Sources hinted that the upside for Queensgate will be expansion for the brand in Asia and the Americas.

Patron and Invesco’s time is now done at Generator, but Keith Breslauer, managing director at Patron Capital, told Hotel News Now he is proud of the nearly 10-year period the firm has held the Generator portfolio—a period he acknowledged was far longer than its normal holding pattern of about four to five years.

“When we set up Patron, the general private equity pattern was to buy distressed assets, strip them and sell on, but in the 18 years of our history we’re very proud that we’ve not done that. We have always grown, built platforms and then sold them, usually to strategic buyers or a (private equity) shop, who knows what to do with it,” Breslauer said.

“What also happened when we bought Generator in 2008 was the (economic) crisis. The big difference in what we do in private equity is that we do not borrow a lot of money, so when those times came we did not want to give it up. I would say we did pretty well, and our long investment has been a very good commentary on doing the right thing for our investors,” he said.

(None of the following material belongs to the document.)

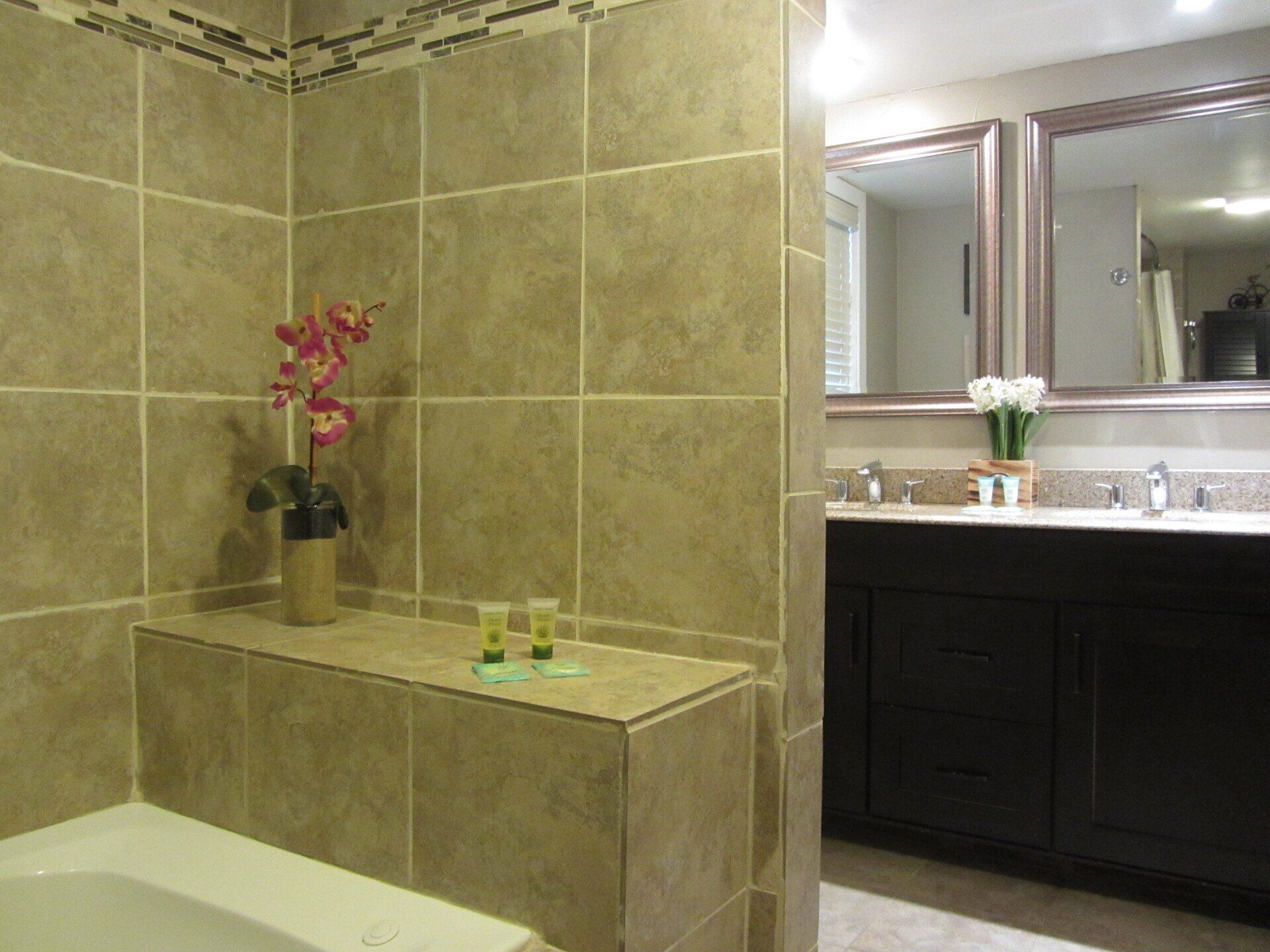 A bathroom with a bathtub and two sinks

Breslauer said Invesco’s involvement had been a strategic step in Patron’s vision for Generator.

“At that time, we could not further finance Generator at the local level via individual banks in Ireland (and) France. We needed capital across the platform, and we could not do that. We needed to find it in the traditional debt sense, and Invesco provided good mezzanine debt,” he added.

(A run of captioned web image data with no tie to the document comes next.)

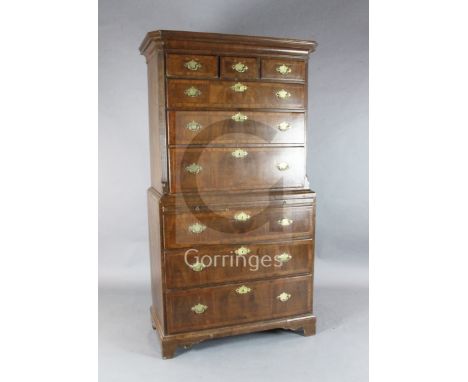 A George II walnut chest on chest, fitted three short, three graduated drawers over a slide and three further graduated drawe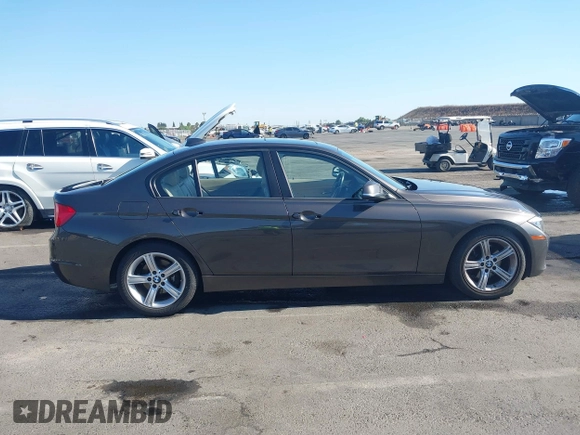 2014 BMW 3 Series 328i with VIN WBA3C1C57EK116483, listed as a IAAI auction lot 42697759 with 113,010 mi miles and . Bid and sale history available at DreamBid. Image 14.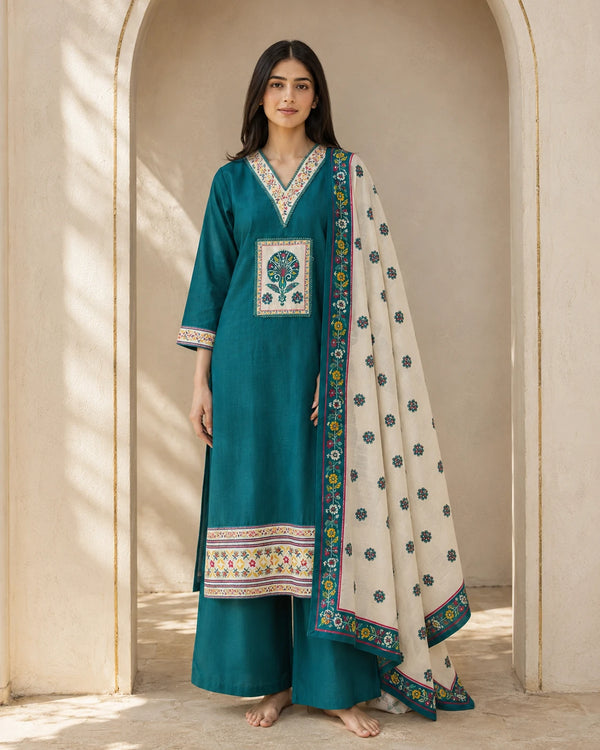 A woman wearing a teal kurta set with multicolor embroidery and a cream dupatta with blue floral motifs and a patterned border.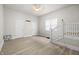 Large living room with staircase, vinyl flooring, and neutral colored walls at 1211 W 30Th St, Indianapolis, IN 46208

Marc Socker, managing director of Invesco’s hotel fund management team, said Invesco had been “the first institutional investor into the hostel sector … clearly seen as a first mover in what has now become a very active and liquid sector.”

Harry Douglass, associate director at advisory firm HVS, underlined the importance of Invesco’s cash, which he said was the “first time a second unconnected party had co-investing in the hostel business.”

Queensgate’s takeover is as important, according to Douglass.

“It’s being viewed as a barometer for institutional investment. It is having a huge fanfare, although what seems to have taken place with much less exposure is the acquisition of A&O Hotels & Hostels by (private equity company) TPG (two months ago),” Douglass said.

“Two private equity organizations now are owners of hybrid hotel-hostel groups based in Europe, and both have potentially huge markets to capture in all regions. This latest sale adds to the institutional acceptance of this asset class,” Douglass said.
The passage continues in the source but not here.